Minggu, 22 April 2012, 8.30 am
Saat hidup menjadi tidak bersahabat,
Tuhan mengirimkan seorang sahabat untuk menemani…
Sudah
beberapa kali aku bertemu dengannya. Tanpa suara, tanpa kata-kata. Dia hanya
menatapku tajam. Tidak ada sedikitpun rasa takut saat pertama kali bertemu
denganku. Aku juga tidak berkomentar apa-apa, hanya menatapnya sedikit, setelah
itu berlalu.
Beberapa
hari kemudian, aku bertemu lagi dengannya. Dia bergeser sedikit, seolah memberi
jalan untukku agar dapat membuka pintu kamar mandi. Aku tersenyum kecil. Anak
kecil ini sudah mulai berani bermain dalam kamar tidurku. Aku menatapnya dengan
tatapan jenaka, berharap dia tahu kalau aku tidak keberatan dia bermain di
kamarku. Dia balas menatap, setelah itu memalingkan wajah tak peduli. Tanpa
rasa takut sedikitpun! Aku tersenyum takjub.
Berulang
beberapa kali.
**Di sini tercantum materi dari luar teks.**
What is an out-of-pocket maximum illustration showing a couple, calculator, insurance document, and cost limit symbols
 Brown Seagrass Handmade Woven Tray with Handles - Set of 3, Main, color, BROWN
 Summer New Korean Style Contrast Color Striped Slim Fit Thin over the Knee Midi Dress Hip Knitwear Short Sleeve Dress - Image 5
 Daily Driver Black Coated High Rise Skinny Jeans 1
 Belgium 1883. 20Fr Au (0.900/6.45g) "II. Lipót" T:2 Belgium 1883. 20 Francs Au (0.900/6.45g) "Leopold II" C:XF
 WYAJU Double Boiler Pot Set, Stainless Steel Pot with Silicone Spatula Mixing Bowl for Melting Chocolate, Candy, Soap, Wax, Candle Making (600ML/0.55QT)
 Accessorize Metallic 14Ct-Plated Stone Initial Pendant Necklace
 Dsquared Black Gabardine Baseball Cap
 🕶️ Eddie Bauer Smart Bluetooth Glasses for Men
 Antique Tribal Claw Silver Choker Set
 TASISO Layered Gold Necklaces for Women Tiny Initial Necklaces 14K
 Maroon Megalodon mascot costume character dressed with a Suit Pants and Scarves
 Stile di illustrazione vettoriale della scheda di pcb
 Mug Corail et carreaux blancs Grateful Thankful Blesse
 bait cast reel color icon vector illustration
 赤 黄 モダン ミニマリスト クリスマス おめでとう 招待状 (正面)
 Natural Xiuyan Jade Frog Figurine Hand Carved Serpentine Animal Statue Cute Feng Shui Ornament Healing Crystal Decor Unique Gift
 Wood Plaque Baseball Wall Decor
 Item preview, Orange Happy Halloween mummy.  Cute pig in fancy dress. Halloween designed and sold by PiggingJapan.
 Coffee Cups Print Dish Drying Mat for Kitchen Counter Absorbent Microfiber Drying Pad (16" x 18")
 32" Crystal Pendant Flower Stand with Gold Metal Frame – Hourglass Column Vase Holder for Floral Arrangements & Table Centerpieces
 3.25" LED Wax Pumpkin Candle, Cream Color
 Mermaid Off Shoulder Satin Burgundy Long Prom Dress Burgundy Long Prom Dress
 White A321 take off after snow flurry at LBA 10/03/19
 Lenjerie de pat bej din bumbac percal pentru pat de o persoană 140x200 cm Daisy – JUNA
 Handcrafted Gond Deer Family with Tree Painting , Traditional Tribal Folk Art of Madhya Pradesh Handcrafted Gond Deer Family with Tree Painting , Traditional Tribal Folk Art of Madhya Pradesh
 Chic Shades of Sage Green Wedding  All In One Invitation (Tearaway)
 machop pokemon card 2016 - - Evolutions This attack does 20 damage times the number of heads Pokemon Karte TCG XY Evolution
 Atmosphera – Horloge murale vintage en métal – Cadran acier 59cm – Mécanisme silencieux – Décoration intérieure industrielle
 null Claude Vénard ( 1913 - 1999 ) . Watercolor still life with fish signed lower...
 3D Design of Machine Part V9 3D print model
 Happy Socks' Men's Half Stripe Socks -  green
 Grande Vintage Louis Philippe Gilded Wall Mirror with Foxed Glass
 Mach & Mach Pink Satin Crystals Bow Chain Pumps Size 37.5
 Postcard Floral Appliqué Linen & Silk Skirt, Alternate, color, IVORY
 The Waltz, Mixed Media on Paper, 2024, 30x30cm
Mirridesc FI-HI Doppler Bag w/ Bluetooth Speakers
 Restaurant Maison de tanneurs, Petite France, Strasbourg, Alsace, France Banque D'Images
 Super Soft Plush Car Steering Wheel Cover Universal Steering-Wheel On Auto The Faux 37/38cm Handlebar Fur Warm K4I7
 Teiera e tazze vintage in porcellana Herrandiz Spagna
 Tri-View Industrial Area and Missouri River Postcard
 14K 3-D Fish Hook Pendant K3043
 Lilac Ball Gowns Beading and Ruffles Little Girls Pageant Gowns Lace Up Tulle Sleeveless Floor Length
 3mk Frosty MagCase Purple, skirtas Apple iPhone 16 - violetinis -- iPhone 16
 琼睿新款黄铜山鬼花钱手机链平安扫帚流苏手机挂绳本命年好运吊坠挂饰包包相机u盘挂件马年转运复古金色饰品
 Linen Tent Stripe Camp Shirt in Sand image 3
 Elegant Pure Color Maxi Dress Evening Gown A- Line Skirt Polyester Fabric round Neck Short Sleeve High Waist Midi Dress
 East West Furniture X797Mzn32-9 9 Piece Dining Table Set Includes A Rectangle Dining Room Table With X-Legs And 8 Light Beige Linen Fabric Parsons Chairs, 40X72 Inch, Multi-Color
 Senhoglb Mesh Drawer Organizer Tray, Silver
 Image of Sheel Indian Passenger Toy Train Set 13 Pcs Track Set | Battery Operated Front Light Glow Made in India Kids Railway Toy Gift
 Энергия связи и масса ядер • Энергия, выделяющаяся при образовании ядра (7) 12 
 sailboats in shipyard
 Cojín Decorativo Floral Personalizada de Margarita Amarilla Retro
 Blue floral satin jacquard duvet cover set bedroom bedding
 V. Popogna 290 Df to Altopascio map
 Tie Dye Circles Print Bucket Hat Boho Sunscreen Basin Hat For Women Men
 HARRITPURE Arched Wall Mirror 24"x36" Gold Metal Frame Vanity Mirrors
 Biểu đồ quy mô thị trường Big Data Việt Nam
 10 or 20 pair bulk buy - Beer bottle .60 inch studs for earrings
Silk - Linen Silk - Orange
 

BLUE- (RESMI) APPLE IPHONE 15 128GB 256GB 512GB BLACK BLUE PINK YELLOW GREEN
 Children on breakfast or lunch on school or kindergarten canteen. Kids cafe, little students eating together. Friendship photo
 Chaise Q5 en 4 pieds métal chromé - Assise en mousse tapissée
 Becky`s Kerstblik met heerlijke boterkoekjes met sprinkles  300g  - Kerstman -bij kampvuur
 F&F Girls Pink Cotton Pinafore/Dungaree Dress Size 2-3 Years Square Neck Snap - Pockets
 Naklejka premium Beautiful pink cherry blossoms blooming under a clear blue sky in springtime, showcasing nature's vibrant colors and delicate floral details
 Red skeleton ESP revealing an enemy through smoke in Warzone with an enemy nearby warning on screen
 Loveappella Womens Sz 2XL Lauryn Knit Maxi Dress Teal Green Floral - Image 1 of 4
Tidak terbersit sedikitpun dalam hatiku untuk menyuruhnya pergi,
atau sekedar bertanya dimana rumahnya, dimana mama dan papanya. Setelah itu
semakin sering aku melihatnya bermain di kamarku. Kadang berdiri di sudut
kamarku, kadang bersembunyi dalam kamar mandi, kadang di depan tv yang memutar
film-film kesukaanku di Universal Channel. Seperti biasa, dia tidak bersuara,
hanya menatapku tajam.
Lama-lama
aku jadi terbiasa dengan kehadirannya. Dalam sepi, tanpa suara, tapi membuatku
tersadar bahwa bukan aku sendiri yang berada dalam kamar ini.
Lama-lama
aku mulai merasa kehilangan saat tidak melihatnya. Mulai bertanya-tanya,
akankah dia kembali mengunjungiku dan bermain di kamarku? Mulailah masa-masa
menanti bila dia tidak muncul. Mulai bertanya, apakah mama papanya melarang dia
bermain hari ini? Ataukah ada hambatan lain di jalan sehingga dia tidak muncul
kembali?
Rasa
syukur dan senang selalu ada saat melihatnya kembali. Seperti siang ini, saat melihatnya muncul dan
menatapku tanpa berkedip. Lama. Akupun mulai menatapnya lebih teliti. Siapa
namamu, sahabat? Kamu tidak pernah menyebutkan namamu. Bolehkan aku memberimu
nama KIKO? Sangat sesuai untukmu, kecil dan lucu.
Aku
berjalan menghampirimu, sesuatu yang tidak pernah kulakukan. Selama ini ada
peraturan tak tertulis antara kita, kita hanya boleh saling memandang, saling
menatap, tapi harus ada jarak antara kita. Tanpa sentuhan, tanpa belaian. Hanya
boleh menatap.
Aku
memandangmu dalam dekat. Matamu yang berani menatapku tak peduli, tak ada
pancaran rasa takut disana. Justru membuatku nyaman. Artinya kamu bisa
menerimaku sebagai teman. Sesaat sesuatu membuat aku menahan nafas. Kakimu
sebelah kanan. Nampak mengecil tak berbentuk, seperti daun kering berwarna
coklat. Siapa yang tega melakukan ini padamu? Aku menatapmu sedih. Kakimu
seperti terjepit disuatu tempat dalam waktu lama, mengering dan tidak bisa
tumbuh kembali. Apakah rasa sakit yang kamu rasakan itu yang membuatmu
mempunyai kekuatan dan keberanian yang lebih dalam hidupmu? Kamu bahkan tidak
takut padaku…
Aku
menatapmu lama, sedikit sedih, namun aku yakin kamu tidak ingin melihat rasa iba
dalam mataku. Sedikit rasa sayang mulai tumbuh dalam hatiku. Berjuta kagum
muncul saat aku sadar kamu dikirim Tuhan kemari bukan hanya untuk menemani
sepiku, tapi juga untuk menyadarkanku, membuatku menerima dan belajar darimu.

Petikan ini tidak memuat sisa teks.